Notes

In the primary sources section, most of the documents are from the UNIX creators. Some of the referenced material is not strictly from UNIX authors. This distinction is made clear by hyperlinking every author for the relevant document, so that the reader can check for themselves who is from Bell Labs, some university or just another bloke from the world.

About this project

It has been 50 years since the 1970 epoch. The Unix epoch is a common baseline for global timekeeping found in many systems.

Many have seen monolithic IBM machines in media such as Stanley Kubrick's 2001: A Space Odyssey, but most have not encountered the term "mainframe" in their entire life. A datacenter or any kind of cloud-connected resource is conceptually equivalent to the "mainframe." In general, compute resources may be plenty, but need to be shared amongst many users. The solution to this problem turns out time and time again, to be Unix.
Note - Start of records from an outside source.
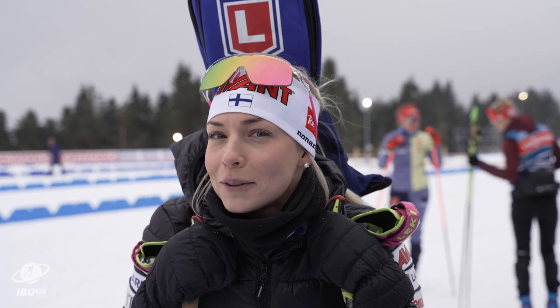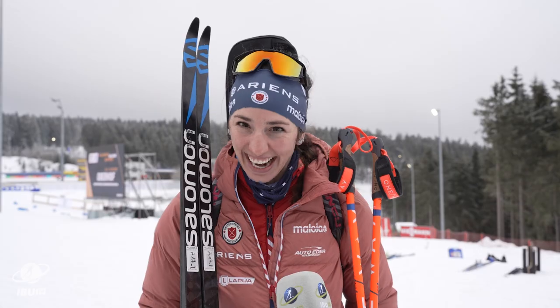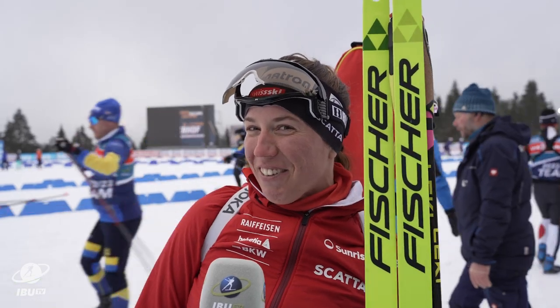Biathlon is... I guess that's quite simple. It's really exciting. Be fast. Skiing and then you shoot. So it's a little bit complicated.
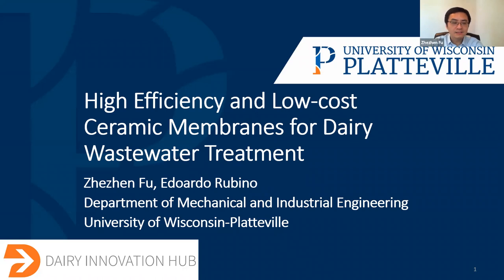We would first thank the Dairy Innovation Hub for the financial support of this project. We would also acknowledge the Pioneer Farm, who provided a lot of details on the dairy wastewater generation and also the current treatment process.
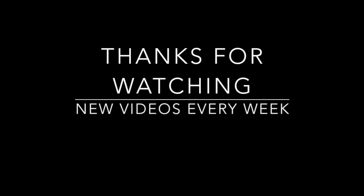Thank you so much for watching and I will see you in my next video!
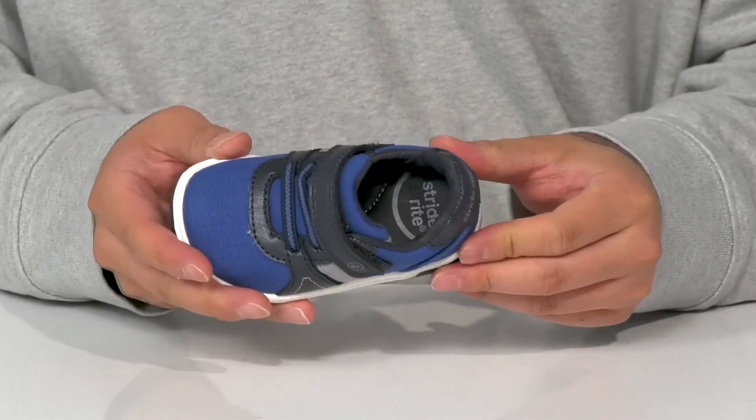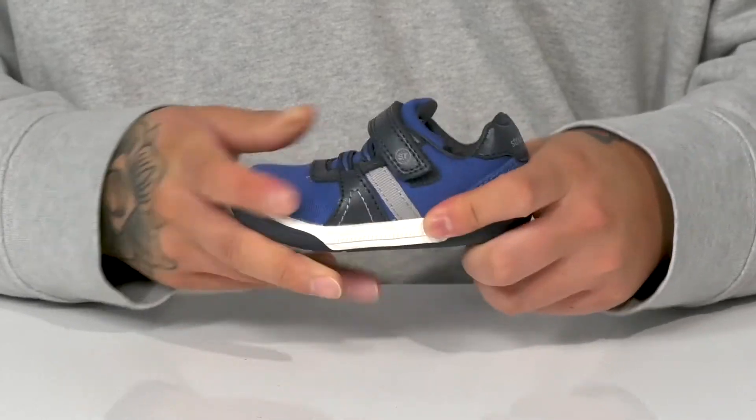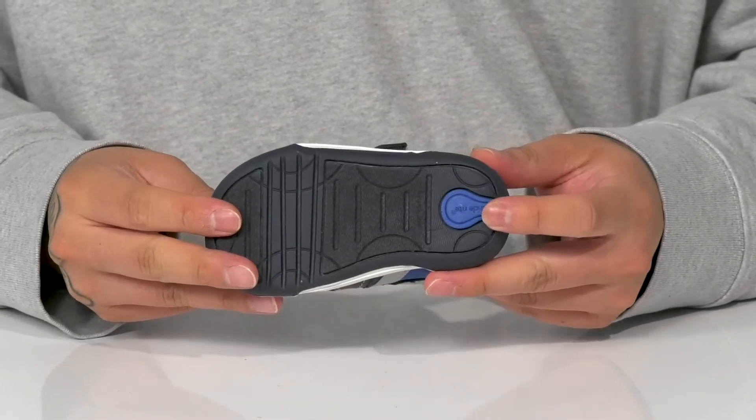Padding on the tongue and collar with a quick drying textile lining and a memory foam cushion footbed to help absorb shock. It's got a very flexible design and sits on top of a textured rubber outsole to keep them stable.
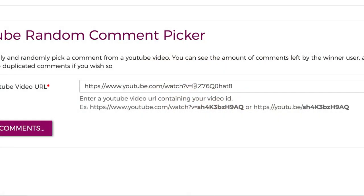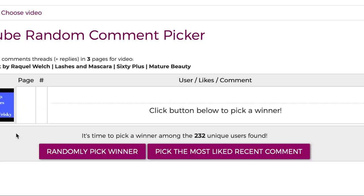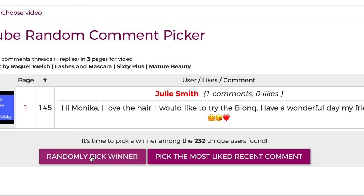I used a YouTube random picker — I put the URL for the video in, loaded the comments, and you can see there were 232 unique users found. I selected randomly pick my winner, and Julie Smith — she wants to try the Blink. I'm sure she means she wants to try the Blink. Julie, congratulations!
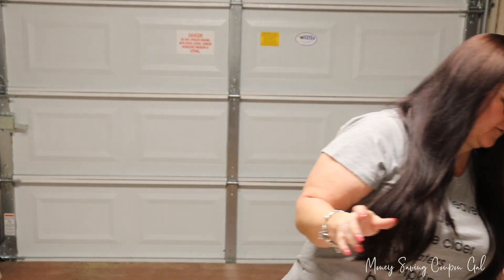Check the Walmart stores near you — scan items with the Walmart app because they might be really cheap. Anyway, I think that's everything. Thanks for watching, please click like and subscribe, and I'll see you next time — bye everybody!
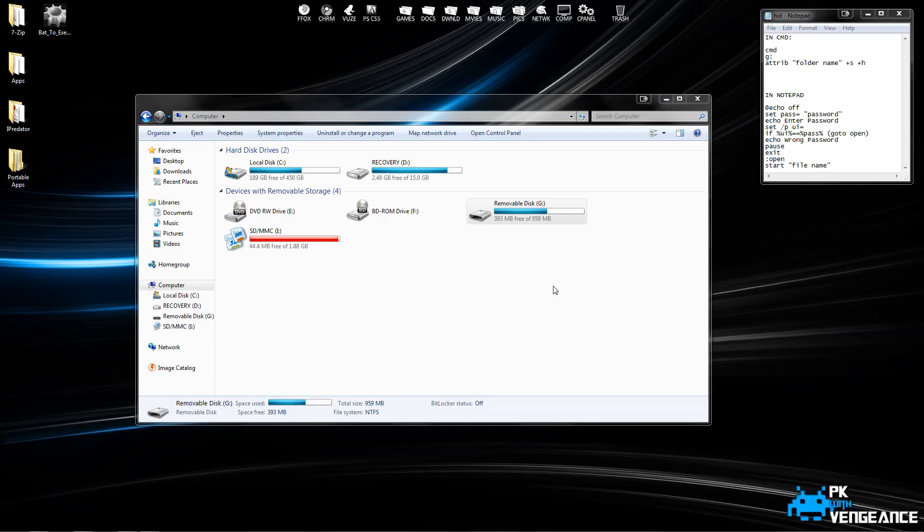Hey guys, today I'm going to show you how to password protect a removable disk, whether it be a flash drive or an external hard drive.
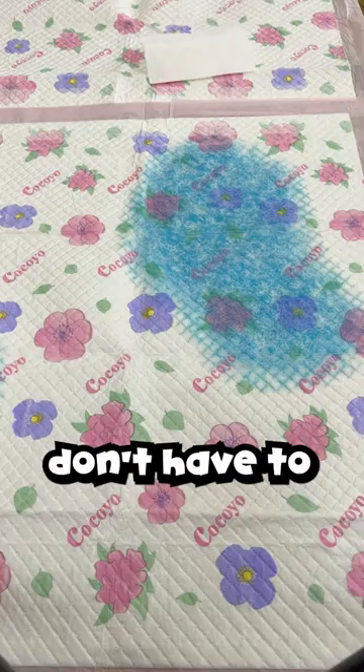The odor neutralizer in it can help eliminate smell effectively, so no more smelly dog pee. Get these easy potty pads today on Howl's Your Day.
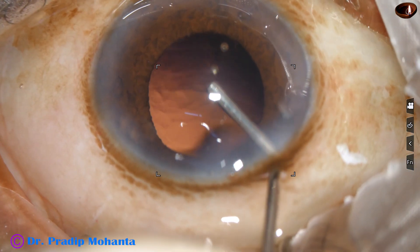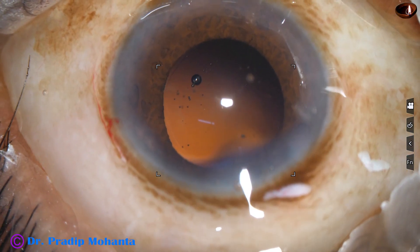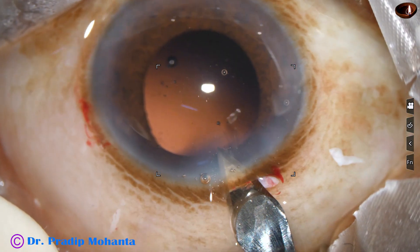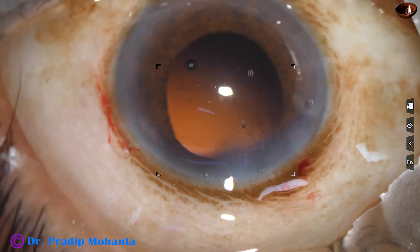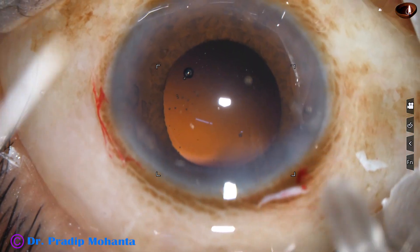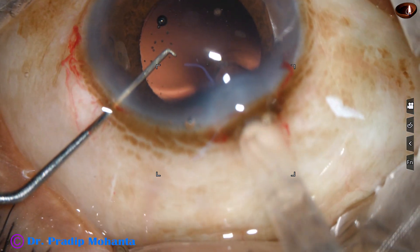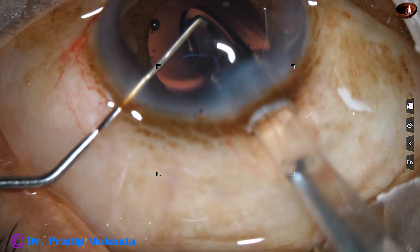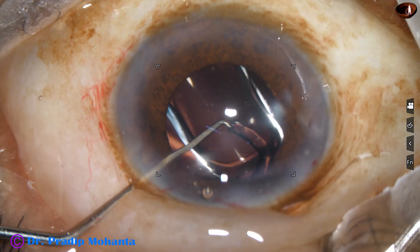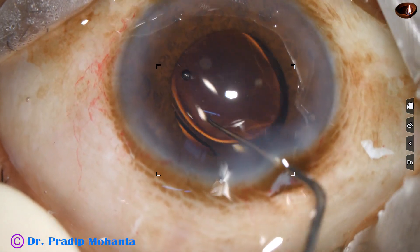The irrigation cannula lifts the anterior lip of the main wound and the anterior chamber is maintained. Viscoelastic is injected to fill out the anterior chamber and the capsular bag. A beautiful intraocular lens — Tecnis from Johnson and Johnson — is inserted. In my opinion, this is the best monofocal lens available in the market. No financial interest.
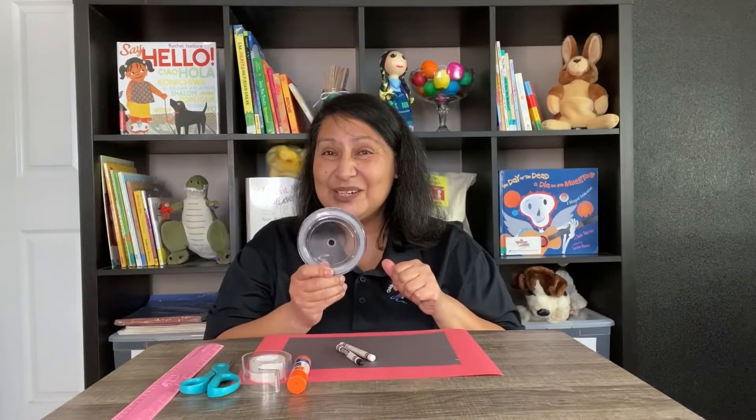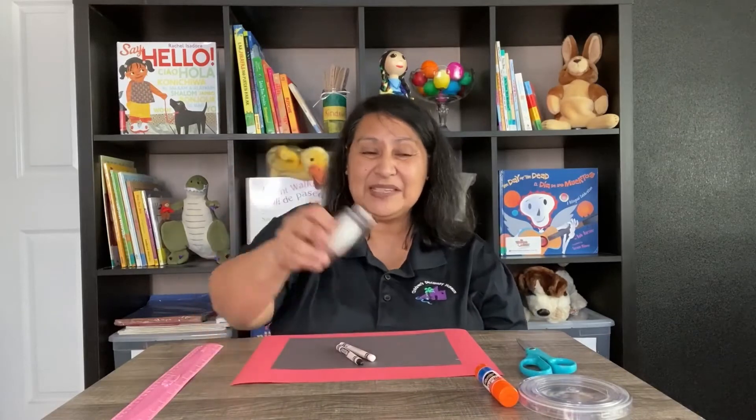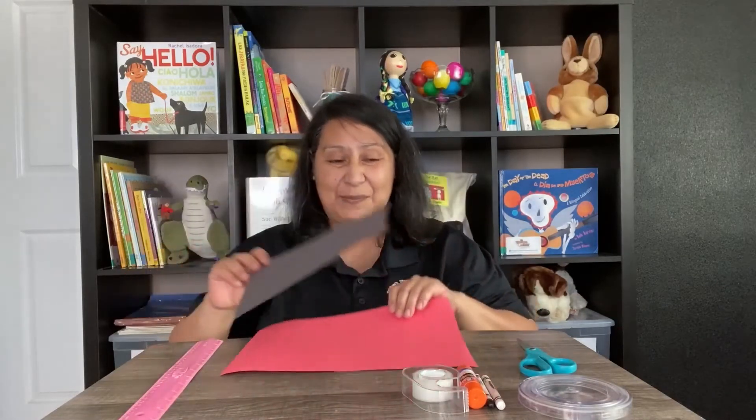These are the materials that we will be using today: a round lid — we're going to trace the lid for our ladybug head — a pair of scissors, some glue, some tape, a black and a white crayon. If you don't have crayons, that's okay — you can use markers or colored pencils. A ruler, a half sheet of black paper, and a sheet of red paper.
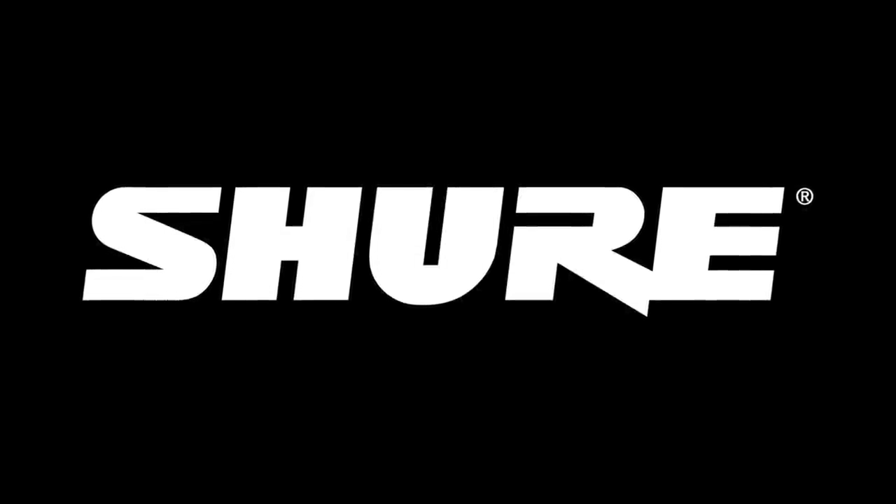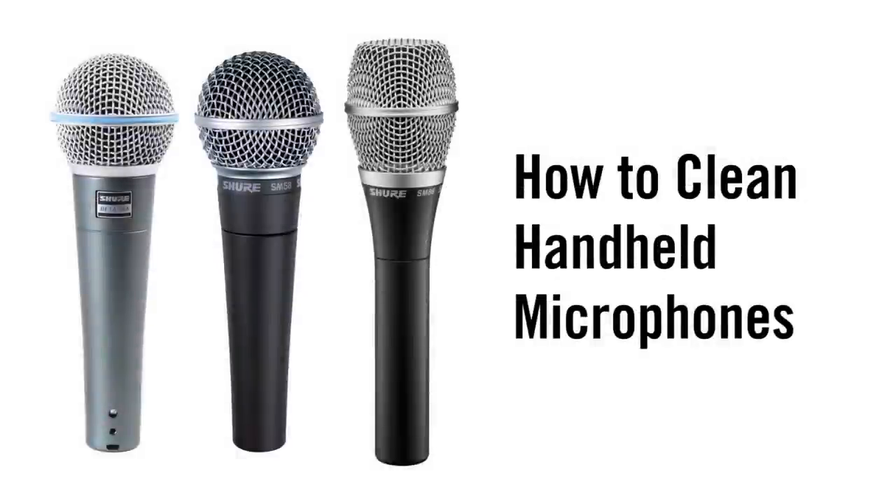Hi, I'm Chris Lyons and we're here today talking about how to clean your microphone. And here with us is Shure's John Bourne to help us understand more about this process. Now John, first of all, why would you really need to clean your microphone?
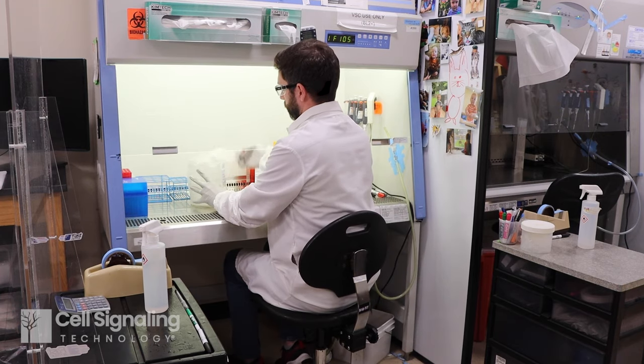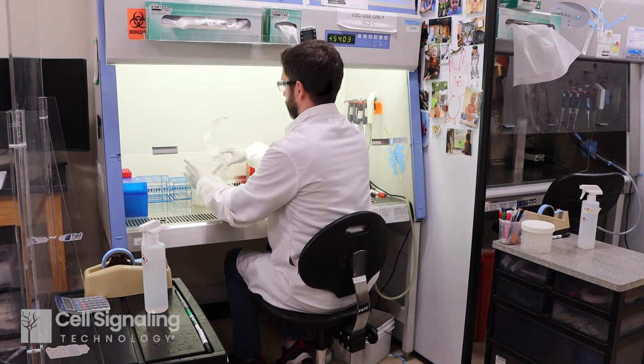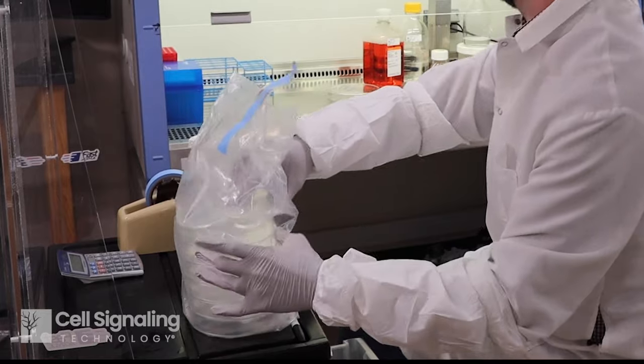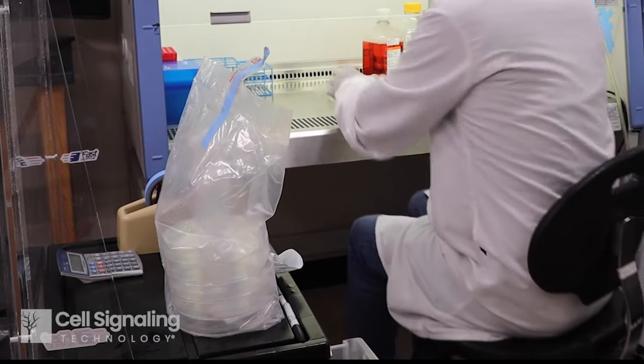Plastic consumables, liquid media, and other reagents for cell culture are available in sterile packaging. The sterility of these components is important, but the most crucial factor is your technique.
Today, Unix is deployed ubiquitously around the world. All the major branches of Apple's iOS and MacOS, as well as Linux and Android are designed and integrated around the semantics of the unix system. This includes other operating systems derived of Unix such as Solaris (illumos), AIX and every BSD. BSD variants include FreeBSD and NetBSD which are used for example, in computers that do network routing.

Terminal emulators are a thing. Some wonder what are terminals and why do we emulate them. Are these equivalent to a "console"? Technical jargon gets used a lot across the computing business, but this can often obscure meaning and create confusion.

In short, this reference exists as a guide to present the subject in a clear manner that is well suited for study.

A lot of ground work was also done by The Unix Heritage Society, and this document refers to many of its resources. Be sure to see the TUHS Wiki for more information.

About the linker

Avindra Goolcharan was created in 1991, the year of the first public Linux kernel release. Since 1997, Avindra resides in the state of New Jersey, which is the location of many of these stories. Before the turn of the millennium, the family got a computer for the first time. It ran Microsoft Windows 98 SE, and was later upgraded to Windows XP and a Pentium 4 chip.

In the early 2000s, Ubuntu emerged. At the time, Ubuntu physically delivered free CD-ROMs to users who needed them, which made it simultaneously practical, easy and affordable for people to adopt Linux, including Avindra. To him, the default Gnome interface was a breath of fresh air to the Mac and Windows systems that schools and businesses seem to prefer.

By 2008, the author started writing original computer programs and scripts. Around 2015, Avindra started using the openSUSE Linux distribution, and can be found contributing patches as an openSUSE member.